Dicen quienes conocen la situación interna de la Universidad Católica de Valencia que la carta pública del cardenal Cañizares será «como quitarle la espoleta a la bomba» en medio de un polvorín. Que revela la «impotencia» de Cañizares ante una institución que no ha logrado controlar, y que tal vez sea el último intento por salir del «laberinto» en el que se halla.

Cañizares heredó la estructura de la Católica montada en 2003 por Agustín García-Gasco y perpetuada sin apenas modificaciones durante el lustro que Carlos Osoro dirigió el arzobispado. Pero pronto quiso abordar la transformación. En febrero de 2015 se enteró por Levante-EMV de los elevados sueldos del equipo directivo de la Universidad Católica. Sólo cuatro meses después, en junio, cambió al rector: José Alfredo Peris, que cobraba 138.000 euros brutos anuales según reveló este periódico al tener acceso a una nómina suya, dejaba su sitio y asumía el cargo Ignacio Sánchez Cámara, un hombre de la plena confianza de Cañizares, a quien había conocido en Roma como consejero de Educación de la embajada de España en Italia.

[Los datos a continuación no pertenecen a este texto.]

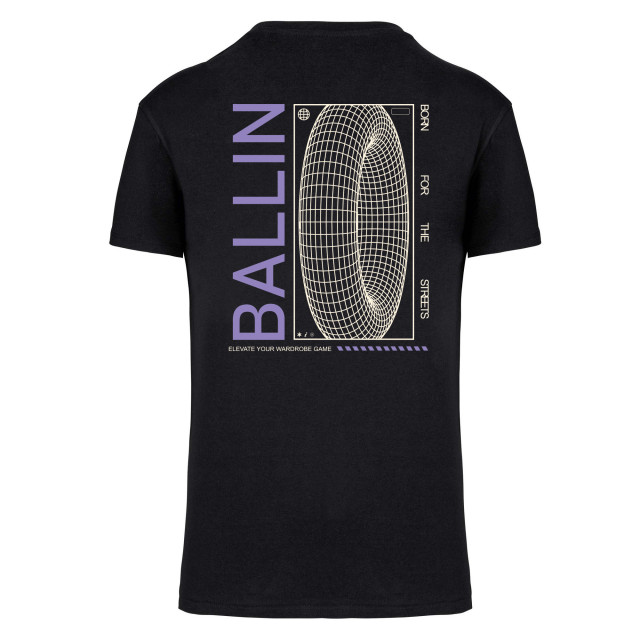 Ballin Est. 2013 Backprint bfts shirt SHBPBFTS-BLK-S large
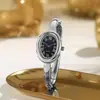 Nuevo Modelo para Mujer Oro Rosa Ovalado Casual de Negocios Reloj de Cuarzo para Mujer Fabricante Transmisión en Vivo Dropshipping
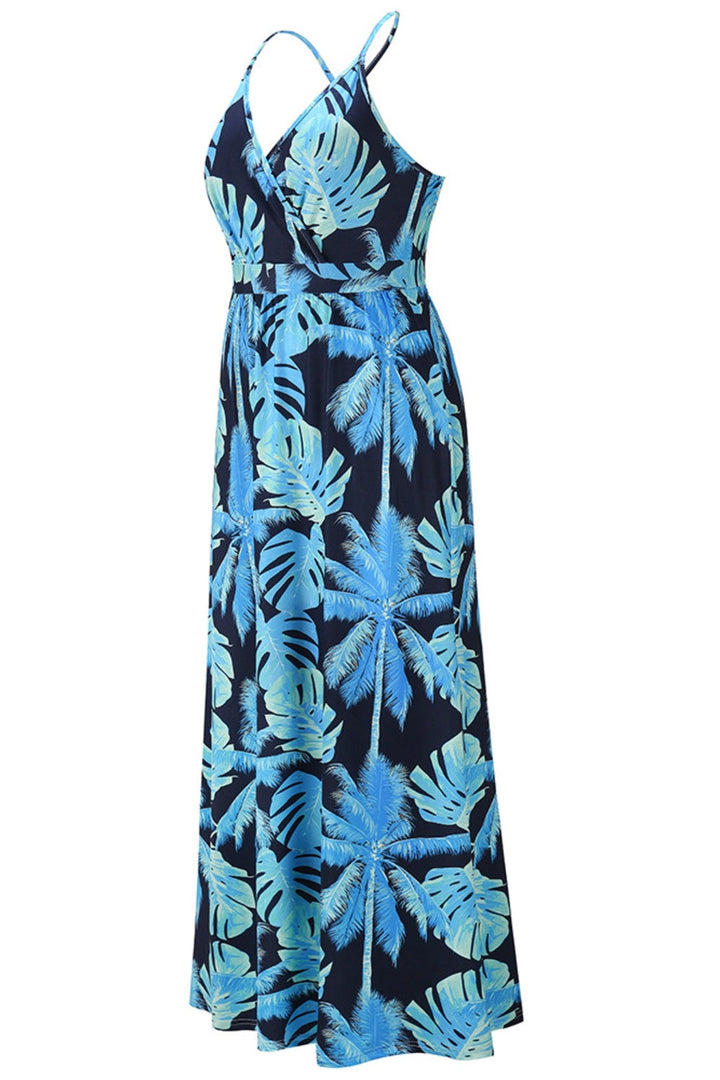 Stilla | Square Neck Maxi Cami Kjole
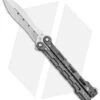 Mantis Mothra Dagger Balisong Butterfly Knife Titanium (4.5" Satin)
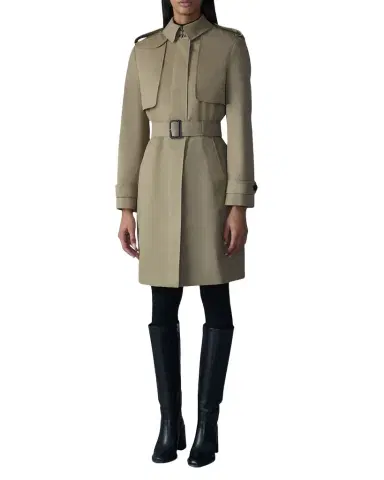 Mackage Winn-Z Trench Coat with Removable Liner | Thumbnail 1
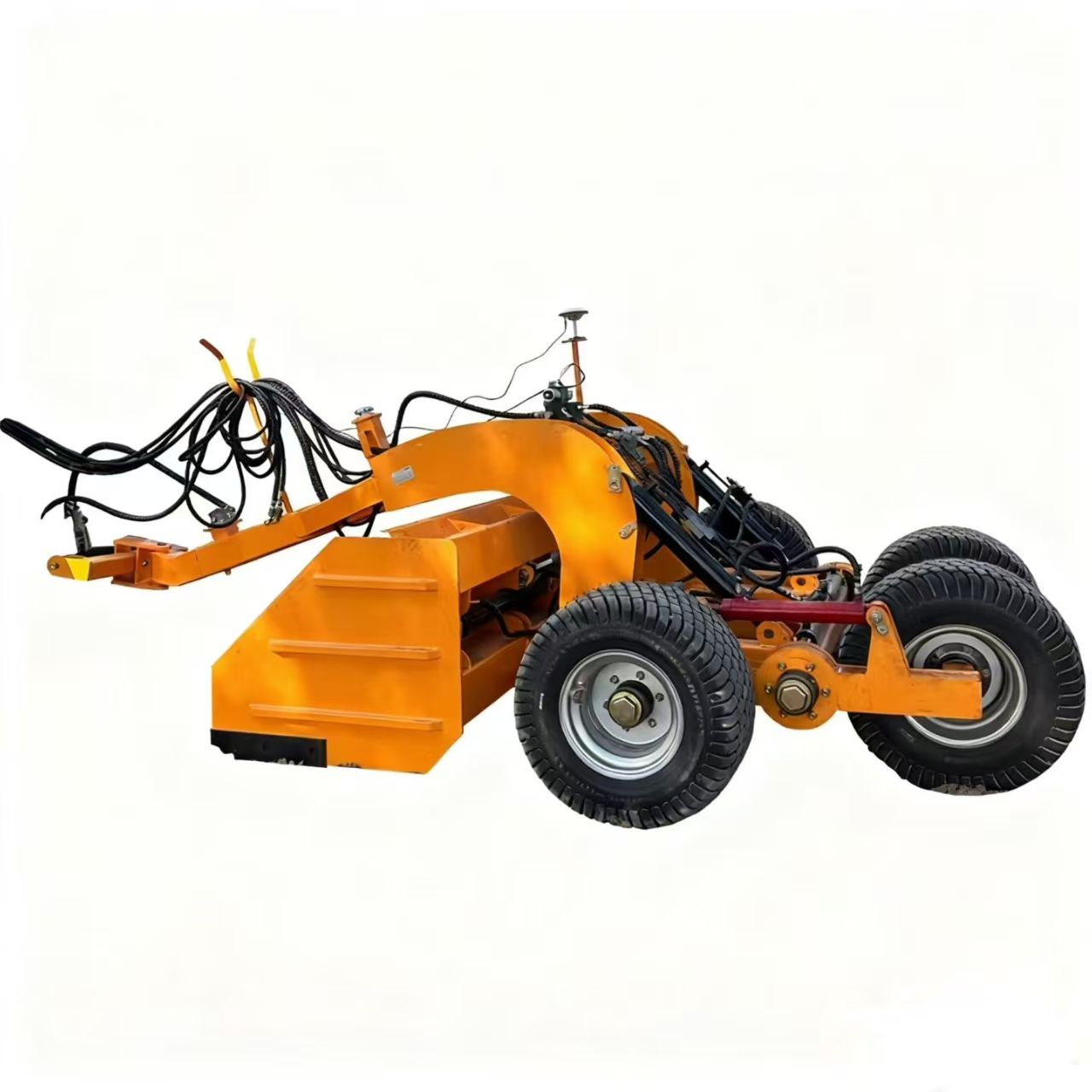 San lấp mặt bằng vệ tinh kiểm soát San lấp mặt bằng vệ tinh kiểm soát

Los cambios continuaron. En diciembre, Cañizares nombró a su obispo auxiliar, Esteban Escudero, como nuevo vicecanciller de la Católica. Y en febrero acometió la remodelación del segundo escalón: cambió a todos los vicerrectores de la Católica. Sin dejar ni uno de la anterior etapa. Ahora tocaba el tercer escalón: los decanos de las facultades, muchos de los cuales atesoran más poder del que querría el nuevo equipo rector de la Católica. La decisión no es todavía oficial, pero algunas fuentes apuntan a que la noticia ya circula por los pasillos de la universidad. Las resistencias a perder poder y complementos salariales ya han aflorado. Cañizares ya ha movido ficha.